Fondements de la métaphysique des mœurs

Fondements de la métaphysique des mœurs (titre original : Grundlegung zur Metaphysik der Sitten), ou Fondation de la métaphysique des mœurs dans une traduction plus récente d'Alain Renaut[1], est une œuvre de philosophie morale d'Emmanuel Kant parue en 1785.

Fondements de la métaphysique des mœurs

Page de titre de la première édition.

Auteur Emmanuel Kant
Pays Allemagne
Genre Philosophie
Version originale
Langue allemand
Titre Grundlegung zur Metaphysik der Sitten
Lieu de parution Riga
Date de parution 1785
Version française
Traducteur Victor Delbos, Alain Renaut

Plan

  • Préface
  • Première section : Passage de la connaissance rationnelle commune de la moralité à la connaissance philosophique
  • Deuxième section : Passage de la philosophie morale populaire à la métaphysique des mœurs
  • Troisième section : Passage de la métaphysique des mœurs à la critique de la raison pure pratique.

Contenu de l'œuvre

Préface

L'ancienne philosophie grecque se divisait en trois sciences : la Physique, l'Éthique et la Logique. On distingue entre connaissances matérielles, liées à un objet : Physique pour les lois de la Nature; Éthique pour les lois de la liberté; et connaissances formelles, liées à l'entendement et au raisonnement : Logique, qui se trouve ainsi dégagée de toute composante empirique. Si on essaie de s'abstraire de l'empirique en ce qui concerne la Physique, on aboutit à une Métaphysique de la Nature; pour l'Éthique à une Métaphysique des Mœurs (l'Éthique empirique pouvant être désignée comme une anthropologie pratique).

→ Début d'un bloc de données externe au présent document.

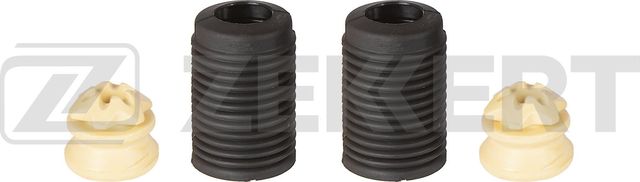 Комплект отбойников и пыльников амортизаторов (стоек) Zekkert (Полиуретан). Артикул SM-3127S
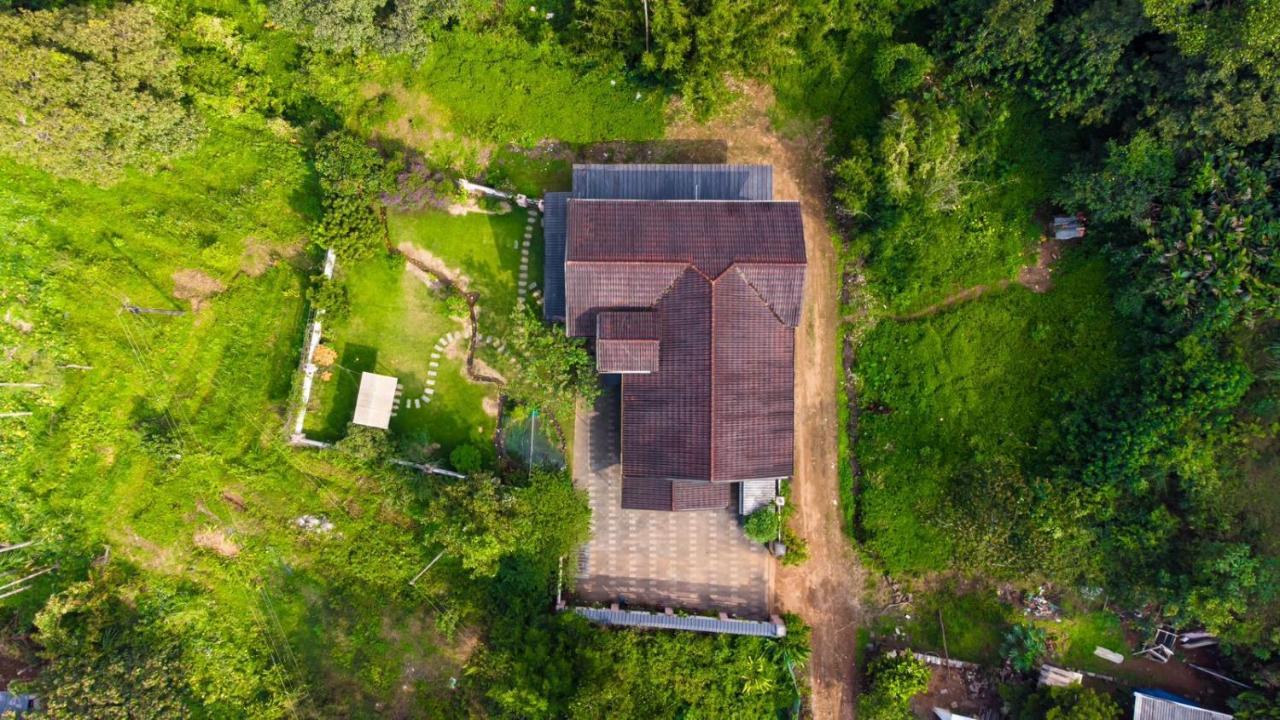 Vythiri Villas Wayanad Bagian luar foto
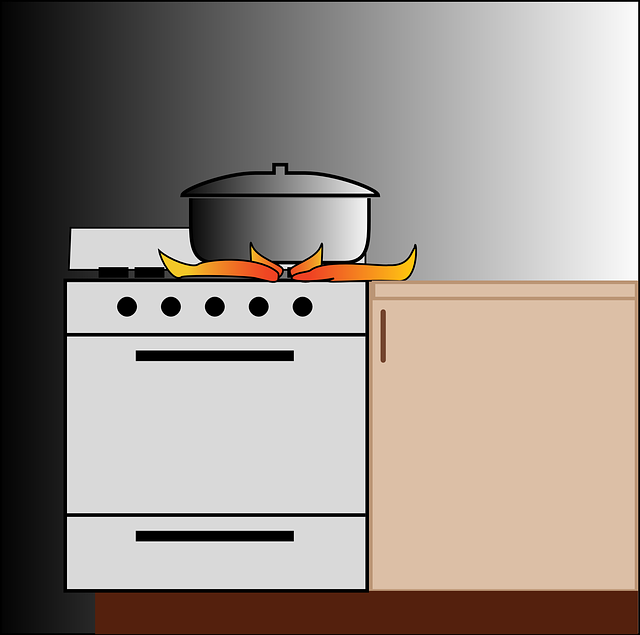 Операция «Термоизоляция»: как предотвратить перегрев мебели от плиты или духовки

Pour décrire ainsi une Philosophie morale pure, on se base évidemment sur l'idée commune du devoir et des lois morales. Le principe de l’obligation ne doit pas être ici cherché dans la nature de l'homme, ni dans les circonstances où il est placé en ce monde, mais a priori dans les seuls concepts de la raison pure. La volonté pure possible doit primer tout mobile ou objet de l'action.

Ces Fondements constituent la recherche du principe suprême de la moralité.

Première section

Passage de la connaissance rationnelle commune de la moralité à la connaissance philosophique.

Kant énonce le principe que « Il n'est rien qui puisse sans restriction être tenu pour bon, si ce n'est seulement une Volonté bonne. » Ce qui relève du tempérament, des qualités, de la chance ou des nécessités de l'action, peut devenir extrêmement mauvais ou funeste s'il n'est gouverné par la volonté bonne. Seule la volonté humaine peut être absolument bonne. Même si la Volonté bonne n'atteint pas son but, elle reste bonne en elle-même.

Si la finalité de la nature est la conservation de l'être, son bien-être, son bonheur, l'instinct sera un meilleur exécutant que la raison pour y parvenir. La raison ne rend pas heureux, parfois nuit au bonheur. Elle n'a de valeur que parce qu'elle produit une volonté bonne.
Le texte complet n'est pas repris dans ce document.